Jess Holle wrote:
> Casper Bang wrote:
>> Sorry guys, but I just don't buy that JavaFX had no negative effect on
>> JSR's and JSE development. Could we drop the feel-good spin for a
>> moment and consider the evidence:
>>
>> - Some JSR's are as good as abandoned, i.e. JSR-296 where the spec
>> lead (before quitting Sun) publicly acknowledged that he was being
>> pulled in to working on JavaFX stuff.
>>
>> - A lot of senior people have left Sun, many from the Swing/client
>> team and oddly over to the competitor client technology. This can't
>> possibly be spun as a positive thing.
>>
>> - SwingLabs lost sponsorship, this is the place you'd turn to if you
>> should have the ridiculous luxury need for a date picker or similar.
>>
>> - We still don't have a Java language JSR even though Java 7 was
>> destined for summer 09'. Indeed Neal Gafter's comments on the lack of
>> leadership and steering suggests this to be the primary reason for him
>> jumping ship.
>>
>> While that may be acceptable to Sun and indeed it had some positive
>> effect on the runtime, stating that it had no negative effect on JSR's
>> and JSE development is just dumb because clearly it had. Can we just
>> call a spade a spade?!  
> To some degree I think Sun chose to do a Java "next" for the client 
> with JavaFX.  JSRs involve a lot more design by committee and Java 7 
> features like closures are simply hot potatoes -- Sun's going to get 
> endless heat any which way they go on these.  JavaFX was a chance for 
> design-by-one without having a lot of existing users in the space 
> screaming about every decision point (ala Java 7).
>
> That's not all good, of course, but I Gafter's comments seemed to 
> reflect a lack of desire/focus on the part of Sun, which I can't 
> second guess, without reflecting that no matter what Sun does in some 
> spaces, e.g. closures, they're going to get a huge number of existing 
> Java users mad and have trouble getting such contentious language 
> features through a design-by-committee JSR process.

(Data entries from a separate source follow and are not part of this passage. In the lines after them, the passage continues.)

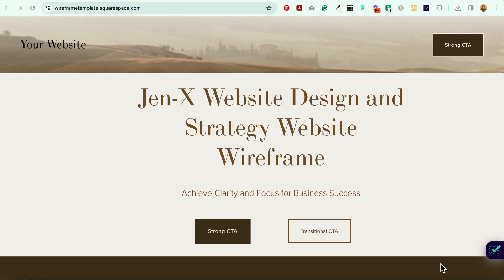Hey everybody, Jen here of GenX Website Design and Strategy, and in this tutorial I'm going to show you how to add an image to the global header of your Squarespace website, like this, using a little bit of CSS.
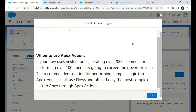You should use Apex Actions when your flow uses nested loops or is iterating over more than 2000 elements, since 2000 is the limit for any flow iteration. If your SOQL queries exceed 100, you will hit governor limits and failures will occur. The recommended solution for performing complex logic is to use Apex — you can still use flows and offload only the most complex tasks to Apex through Apex Actions.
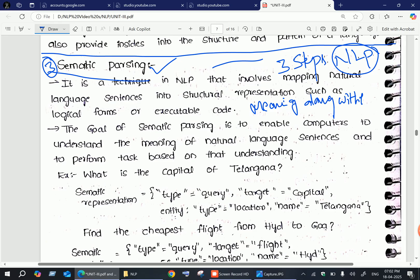The main goal of semantic parsing is to enable computers and NLP machines to understand the meaning of natural language sentences, so that they can perform tasks based on that understanding.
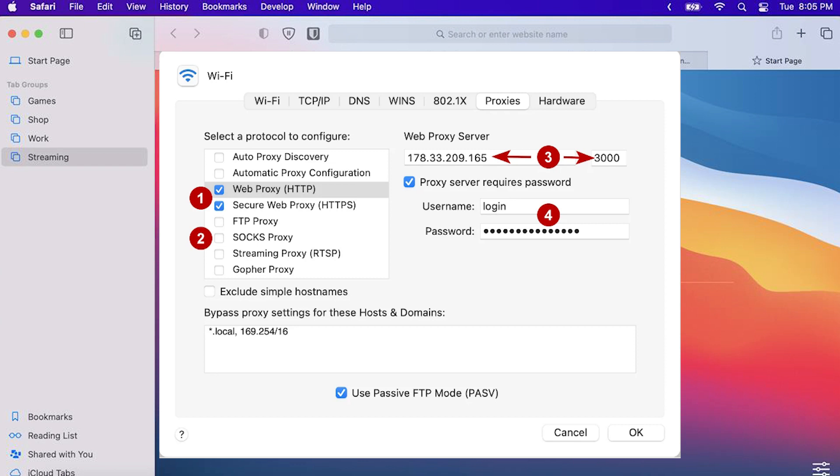If you are using a free proxy you don't need to enter anything else. For a personal proxy activate Proxy server requires password. This will enable the username and password fields. Enter your proxy details in the username and password fields.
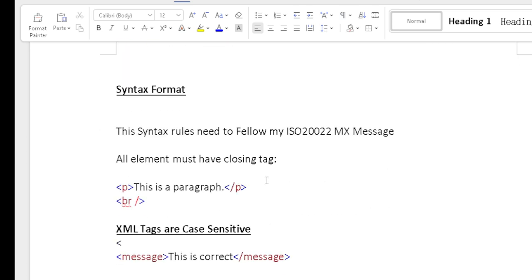XML has syntax rules and regulations, and those rules are also applicable to ISO 20022 messages. First rule: all elements must have a closing tag. For example, opening tag 'p' and closing tag '/p' — the format must be the same. If you use lowercase 'p' in the opening tag, you must use lowercase 'p' in the closing tag as well.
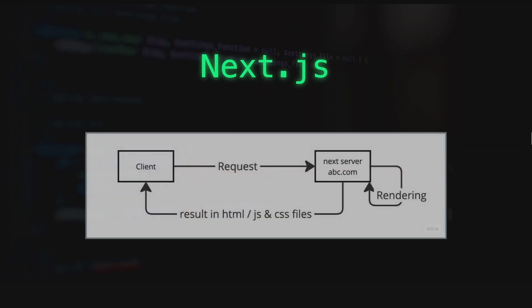But in the Next.js ecosystem, clients request for a website. But this time there is a Next.js server—there's a server out there. It gets the user's request and tries to handle them.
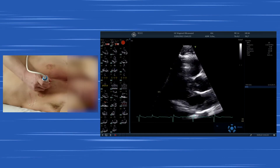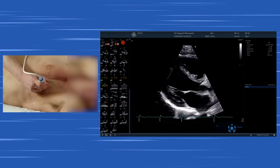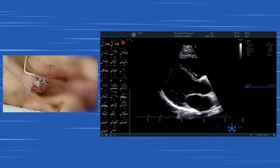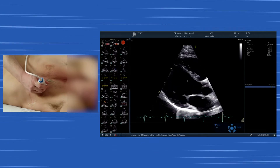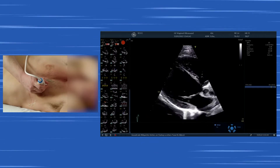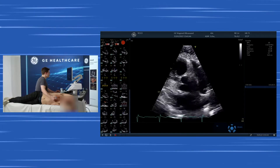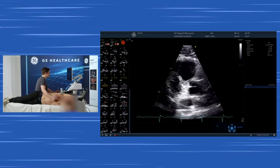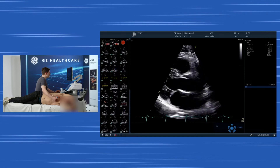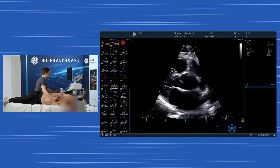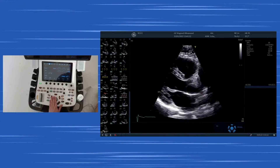We go again in the parasternal long axis view. We first oriented the marker towards the right shoulder and we have the heart in the center of the image. Now we adapt the parasternal long axis and move it a bit towards the left atrium and we save the image.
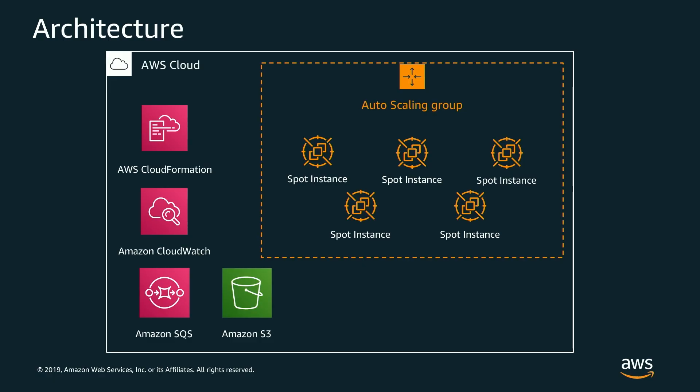So what I'm going to walk through today is how to build out an example batch processing workload using various AWS services to tie the whole workload together. So what we'll do here is we'll take a CloudFormation template and that CloudFormation template is going to deploy an environment for us that will be set up and ready to go for batch processing.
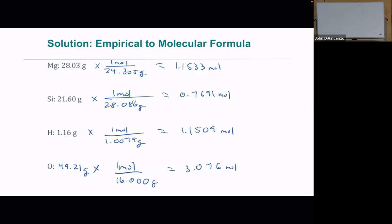We need four significant figures — that's all we need, and that's fine because we have four for one and five for others. They all have at least four sig figs to start. Now that's percent to mass, mass to moles — and we're going to divide them all by the silicon value, since it's the smallest.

P.S. The backlash of Casper and others to JavaFX is also analogous to 
the backlash Sun would get for any really disruptive Java "next" -- a 
large portion of the community (myself included) would ask (scream) why 
Sun couldn't just focus on the big problems and address them in a 
non-disruptive manner in a non-disruptive Java version increment rather 
than getting distracted by some Java "next" with disruptive barriers 
between it and the community's existing Java investment.